[Try it]: Please transcribe, exactly, the line that contains "朱一龙武汉同款拍照姿势,武汉朱一龙同款机位" and every line after it to the end of the records, and nothing else.

========================================================================

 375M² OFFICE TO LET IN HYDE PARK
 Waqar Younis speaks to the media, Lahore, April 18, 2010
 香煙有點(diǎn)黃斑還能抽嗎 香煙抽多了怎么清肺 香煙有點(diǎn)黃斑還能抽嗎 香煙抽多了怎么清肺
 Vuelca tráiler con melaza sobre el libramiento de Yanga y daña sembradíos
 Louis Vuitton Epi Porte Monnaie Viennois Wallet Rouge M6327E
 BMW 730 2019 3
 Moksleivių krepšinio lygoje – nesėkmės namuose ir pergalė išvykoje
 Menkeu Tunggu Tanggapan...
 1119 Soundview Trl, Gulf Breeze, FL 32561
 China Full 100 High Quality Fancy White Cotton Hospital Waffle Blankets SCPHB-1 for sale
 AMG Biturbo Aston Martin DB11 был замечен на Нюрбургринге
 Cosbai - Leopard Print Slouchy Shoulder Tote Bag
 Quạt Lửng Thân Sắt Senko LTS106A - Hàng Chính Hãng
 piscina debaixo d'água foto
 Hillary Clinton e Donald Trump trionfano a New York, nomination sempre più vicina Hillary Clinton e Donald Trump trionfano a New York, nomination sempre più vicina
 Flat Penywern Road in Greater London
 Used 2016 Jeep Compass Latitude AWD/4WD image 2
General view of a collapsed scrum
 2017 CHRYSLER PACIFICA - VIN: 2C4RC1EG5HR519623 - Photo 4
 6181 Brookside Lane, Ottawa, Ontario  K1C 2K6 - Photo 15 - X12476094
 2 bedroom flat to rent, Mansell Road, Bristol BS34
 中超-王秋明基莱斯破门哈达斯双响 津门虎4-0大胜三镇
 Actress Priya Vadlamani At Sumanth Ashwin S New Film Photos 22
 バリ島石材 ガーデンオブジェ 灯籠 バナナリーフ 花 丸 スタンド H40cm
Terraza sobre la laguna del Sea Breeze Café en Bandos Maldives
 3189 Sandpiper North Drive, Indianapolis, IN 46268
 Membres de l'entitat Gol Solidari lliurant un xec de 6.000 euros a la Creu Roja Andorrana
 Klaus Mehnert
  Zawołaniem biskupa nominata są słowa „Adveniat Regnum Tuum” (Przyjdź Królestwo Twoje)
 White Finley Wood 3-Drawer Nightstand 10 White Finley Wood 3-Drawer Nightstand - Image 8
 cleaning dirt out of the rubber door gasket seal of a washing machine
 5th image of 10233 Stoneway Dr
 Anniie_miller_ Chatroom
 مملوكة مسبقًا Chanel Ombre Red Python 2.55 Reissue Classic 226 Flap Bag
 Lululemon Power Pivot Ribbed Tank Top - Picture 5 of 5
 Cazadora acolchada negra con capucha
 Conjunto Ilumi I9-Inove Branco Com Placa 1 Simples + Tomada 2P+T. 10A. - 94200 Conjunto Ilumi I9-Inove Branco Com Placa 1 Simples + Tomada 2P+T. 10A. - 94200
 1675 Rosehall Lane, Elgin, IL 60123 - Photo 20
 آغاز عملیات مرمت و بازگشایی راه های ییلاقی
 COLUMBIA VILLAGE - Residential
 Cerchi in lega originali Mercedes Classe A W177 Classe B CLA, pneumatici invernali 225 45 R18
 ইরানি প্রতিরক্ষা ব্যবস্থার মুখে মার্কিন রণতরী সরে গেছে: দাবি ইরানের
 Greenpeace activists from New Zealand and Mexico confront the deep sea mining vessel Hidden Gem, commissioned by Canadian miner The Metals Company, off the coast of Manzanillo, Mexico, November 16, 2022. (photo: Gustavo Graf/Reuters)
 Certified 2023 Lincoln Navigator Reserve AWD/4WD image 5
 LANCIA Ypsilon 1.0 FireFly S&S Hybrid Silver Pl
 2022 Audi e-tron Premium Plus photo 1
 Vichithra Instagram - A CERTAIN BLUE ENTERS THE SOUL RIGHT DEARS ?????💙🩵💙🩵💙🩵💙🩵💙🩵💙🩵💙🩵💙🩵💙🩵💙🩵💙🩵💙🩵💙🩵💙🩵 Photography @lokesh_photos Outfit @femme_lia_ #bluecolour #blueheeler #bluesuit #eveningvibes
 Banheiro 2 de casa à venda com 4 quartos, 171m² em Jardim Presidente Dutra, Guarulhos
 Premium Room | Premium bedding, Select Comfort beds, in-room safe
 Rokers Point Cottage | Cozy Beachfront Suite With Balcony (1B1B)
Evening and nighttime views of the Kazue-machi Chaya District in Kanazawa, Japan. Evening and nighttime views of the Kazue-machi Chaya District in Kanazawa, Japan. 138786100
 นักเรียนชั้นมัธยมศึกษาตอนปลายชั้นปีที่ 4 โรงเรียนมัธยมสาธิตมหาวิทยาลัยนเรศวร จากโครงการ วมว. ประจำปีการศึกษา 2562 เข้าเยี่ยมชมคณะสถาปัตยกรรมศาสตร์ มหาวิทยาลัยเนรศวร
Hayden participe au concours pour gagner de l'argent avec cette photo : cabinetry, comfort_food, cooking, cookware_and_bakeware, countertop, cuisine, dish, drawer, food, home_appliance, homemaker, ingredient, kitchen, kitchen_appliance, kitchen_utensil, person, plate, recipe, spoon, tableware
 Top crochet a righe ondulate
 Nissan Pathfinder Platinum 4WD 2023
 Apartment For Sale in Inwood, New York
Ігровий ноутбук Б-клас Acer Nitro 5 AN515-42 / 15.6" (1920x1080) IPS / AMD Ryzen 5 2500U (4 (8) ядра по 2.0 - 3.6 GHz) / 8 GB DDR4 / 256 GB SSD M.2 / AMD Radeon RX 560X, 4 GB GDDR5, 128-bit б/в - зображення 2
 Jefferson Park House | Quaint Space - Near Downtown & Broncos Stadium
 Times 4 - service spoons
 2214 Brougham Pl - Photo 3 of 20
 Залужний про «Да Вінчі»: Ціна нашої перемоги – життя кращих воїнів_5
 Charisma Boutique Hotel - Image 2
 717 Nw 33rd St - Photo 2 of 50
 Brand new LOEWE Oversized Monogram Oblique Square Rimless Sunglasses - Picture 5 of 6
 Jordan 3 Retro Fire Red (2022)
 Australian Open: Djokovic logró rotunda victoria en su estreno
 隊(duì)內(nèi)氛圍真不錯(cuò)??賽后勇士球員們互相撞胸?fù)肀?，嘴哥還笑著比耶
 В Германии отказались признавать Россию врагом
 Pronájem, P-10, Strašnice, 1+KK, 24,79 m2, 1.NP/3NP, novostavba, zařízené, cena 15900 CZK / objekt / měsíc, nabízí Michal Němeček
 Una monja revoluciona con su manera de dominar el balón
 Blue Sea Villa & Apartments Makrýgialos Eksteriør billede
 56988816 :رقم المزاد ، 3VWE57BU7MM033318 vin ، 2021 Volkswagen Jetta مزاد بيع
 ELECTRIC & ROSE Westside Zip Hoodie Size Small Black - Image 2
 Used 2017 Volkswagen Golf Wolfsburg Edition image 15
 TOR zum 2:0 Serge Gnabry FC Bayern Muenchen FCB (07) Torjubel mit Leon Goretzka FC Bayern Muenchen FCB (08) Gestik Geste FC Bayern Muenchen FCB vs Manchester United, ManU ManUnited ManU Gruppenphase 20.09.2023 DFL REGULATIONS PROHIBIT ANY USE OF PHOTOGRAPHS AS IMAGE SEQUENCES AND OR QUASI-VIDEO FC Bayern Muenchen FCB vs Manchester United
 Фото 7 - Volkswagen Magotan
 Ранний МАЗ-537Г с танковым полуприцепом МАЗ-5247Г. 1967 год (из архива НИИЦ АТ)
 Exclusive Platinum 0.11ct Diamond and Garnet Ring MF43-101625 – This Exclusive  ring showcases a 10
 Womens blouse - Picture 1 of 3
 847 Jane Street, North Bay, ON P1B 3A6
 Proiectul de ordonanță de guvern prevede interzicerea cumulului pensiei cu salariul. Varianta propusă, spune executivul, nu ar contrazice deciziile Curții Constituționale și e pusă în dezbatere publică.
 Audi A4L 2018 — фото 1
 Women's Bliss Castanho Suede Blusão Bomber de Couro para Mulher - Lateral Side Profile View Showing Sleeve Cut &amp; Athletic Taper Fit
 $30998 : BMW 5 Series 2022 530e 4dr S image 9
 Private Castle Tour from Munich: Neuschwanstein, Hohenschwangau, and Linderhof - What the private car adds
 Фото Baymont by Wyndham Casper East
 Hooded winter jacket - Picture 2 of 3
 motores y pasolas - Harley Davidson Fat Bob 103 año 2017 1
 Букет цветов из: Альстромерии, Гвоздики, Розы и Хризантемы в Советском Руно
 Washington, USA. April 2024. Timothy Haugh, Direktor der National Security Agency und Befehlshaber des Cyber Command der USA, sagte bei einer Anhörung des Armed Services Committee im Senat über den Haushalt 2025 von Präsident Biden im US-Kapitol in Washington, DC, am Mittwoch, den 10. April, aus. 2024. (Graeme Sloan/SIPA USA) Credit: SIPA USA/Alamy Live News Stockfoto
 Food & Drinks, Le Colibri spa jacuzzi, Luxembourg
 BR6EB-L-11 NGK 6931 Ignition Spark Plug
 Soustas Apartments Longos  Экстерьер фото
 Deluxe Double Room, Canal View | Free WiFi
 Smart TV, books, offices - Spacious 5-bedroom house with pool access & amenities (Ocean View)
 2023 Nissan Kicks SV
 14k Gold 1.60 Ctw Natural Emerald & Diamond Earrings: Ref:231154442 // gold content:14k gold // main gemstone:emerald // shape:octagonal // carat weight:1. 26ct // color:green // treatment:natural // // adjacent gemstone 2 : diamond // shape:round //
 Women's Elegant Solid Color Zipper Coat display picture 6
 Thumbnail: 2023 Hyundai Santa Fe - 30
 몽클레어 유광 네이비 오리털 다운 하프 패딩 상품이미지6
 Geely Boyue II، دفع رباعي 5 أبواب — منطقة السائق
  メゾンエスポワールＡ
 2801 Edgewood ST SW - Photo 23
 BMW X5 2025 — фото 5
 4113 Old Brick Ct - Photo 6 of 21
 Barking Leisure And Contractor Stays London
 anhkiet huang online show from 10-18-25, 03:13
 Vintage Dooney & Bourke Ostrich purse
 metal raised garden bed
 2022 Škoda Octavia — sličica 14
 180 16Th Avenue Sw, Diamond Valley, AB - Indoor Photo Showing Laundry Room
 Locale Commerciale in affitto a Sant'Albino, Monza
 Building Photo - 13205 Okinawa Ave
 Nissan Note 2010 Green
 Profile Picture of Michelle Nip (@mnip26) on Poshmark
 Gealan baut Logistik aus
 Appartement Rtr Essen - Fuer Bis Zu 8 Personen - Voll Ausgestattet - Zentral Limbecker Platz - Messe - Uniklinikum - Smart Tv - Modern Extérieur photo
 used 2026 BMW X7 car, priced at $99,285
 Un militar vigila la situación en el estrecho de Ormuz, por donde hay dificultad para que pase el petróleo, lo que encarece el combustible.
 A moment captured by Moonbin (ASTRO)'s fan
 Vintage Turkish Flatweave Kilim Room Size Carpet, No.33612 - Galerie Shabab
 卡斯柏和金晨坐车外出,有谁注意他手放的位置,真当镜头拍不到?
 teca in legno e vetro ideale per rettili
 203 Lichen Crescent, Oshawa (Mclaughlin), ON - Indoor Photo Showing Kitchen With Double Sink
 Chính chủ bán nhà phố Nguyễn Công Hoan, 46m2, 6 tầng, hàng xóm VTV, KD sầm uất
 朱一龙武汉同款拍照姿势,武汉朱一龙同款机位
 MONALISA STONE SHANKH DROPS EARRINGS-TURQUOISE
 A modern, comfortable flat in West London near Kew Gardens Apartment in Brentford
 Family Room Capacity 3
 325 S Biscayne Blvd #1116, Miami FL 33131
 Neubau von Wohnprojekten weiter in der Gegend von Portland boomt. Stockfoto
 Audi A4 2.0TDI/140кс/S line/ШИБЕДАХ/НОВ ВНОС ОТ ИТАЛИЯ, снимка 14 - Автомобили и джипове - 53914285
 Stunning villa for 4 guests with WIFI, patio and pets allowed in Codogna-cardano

========================================================================

[Reply]:
 朱一龙武汉同款拍照姿势,武汉朱一龙同款机位
 MONALISA STONE SHANKH DROPS EARRINGS-TURQUOISE
 A modern, comfortable flat in West London near Kew Gardens Apartment in Brentford
 Family Room Capacity 3
 325 S Biscayne Blvd #1116, Miami FL 33131
 Neubau von Wohnprojekten weiter in der Gegend von Portland boomt. Stockfoto
 Audi A4 2.0TDI/140кс/S line/ШИБЕДАХ/НОВ ВНОС ОТ ИТАЛИЯ, снимка 14 - Автомобили и джипове - 53914285
 Stunning villa for 4 guests with WIFI, patio and pets allowed in Codogna-cardano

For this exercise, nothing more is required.